Aethelberht (or Ethelbert) was the third son of King Aethelwulf of Wessex by his first wife Osburh. We know very little about his early life, but we do know that when his father went on a pilgrimage to Rome in AD 855 Aethelberht was appointed subking of Kent, while his elder brother Aethelbald reigned in Wessex.
He briefly handed Kent back to his father when his brother Aethelbald usurped the Wessex throne. When Aethelbald died childless in 860 the throne of Wessex passed to Aethelberht, and the two halves of the kingdom were united. Aethelberht was crowned at Kingston-upon-Thames, as were his brother and father before him. The place-name comes from the Old English Cyning and tun, meaning 'the king's manor', and was the earliest known royal borough.
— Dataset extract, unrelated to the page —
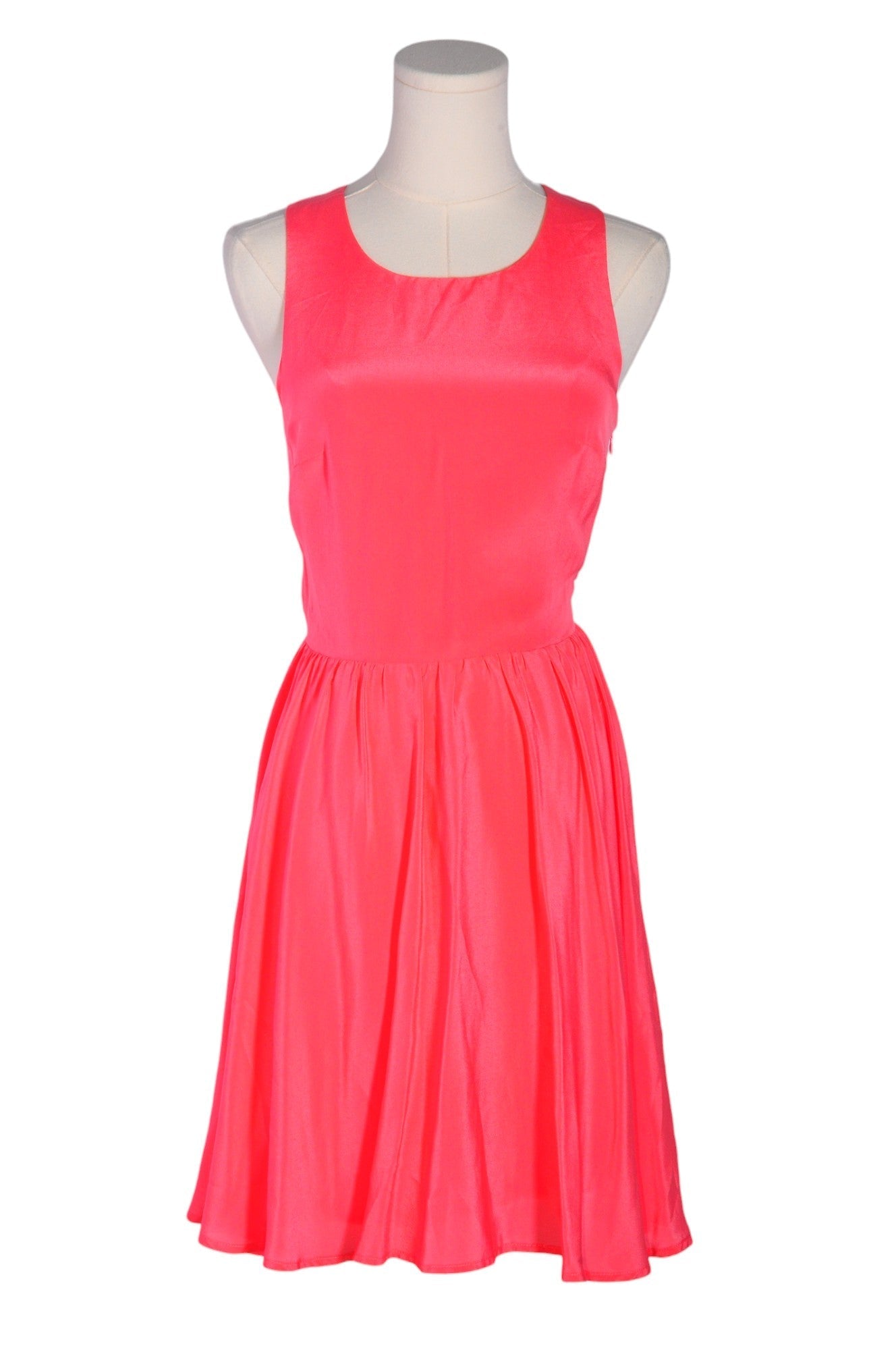 LINE & DOT Women A-Line Dresses Regular fit in Pink - XS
Few of Aethelbert's deeds are recorded, but we know his reign was plagued by raiding Vikings. Forces under the influence of Ragnar Lodbrok and his son Ivar 'The Boneless' Ragnarsson were particularly troublesome to the southern kingdoms. In 864, Ragnar Lodbrok's forces settled themselves on the Isle of Thanet and wintered there, with the reluctant acceptance of the Wessex authorities.
In 865 Ivar invaded, reaching Winchester and burning the city. Aethelberht rallied his forces and drove the Vikings back. Curiously, despite all these troubles with the Vikings, the Anglo-Saxon Chronicle describes Aethelberht's reign as a time of peace and harmony.
During Aethelberht's reign, all Saxon territory, including Sussex, Essex, and Kent, was merged into the kingdom of Wessex, placing the South under one rule. Unlike his predecessors, Aethelberht did not put a family member on the throne of Kent as a subking, but rather ruled the entire territory of Wessex himself.
This meant that virtually all of southern England was one unified kingdom. Aethelberht seems to have gathered together an assembly of both West Saxon and Kentish representatives to witness his charters, another sign of how he pulled together the disparate parts of southern England into one body.
Aethelbert died in 865 and was buried beside his brother Aethelbald at Sherborne Abbey in Dorset. The throne passed to his younger brother Aethelred, rather than to Aethelberht's children. It was in this year that York was conquered and settled by the Vikings, creating the germ of the Danelaw, the Danish sphere of influence which eventually covered most of modern England and rivalled Wessex.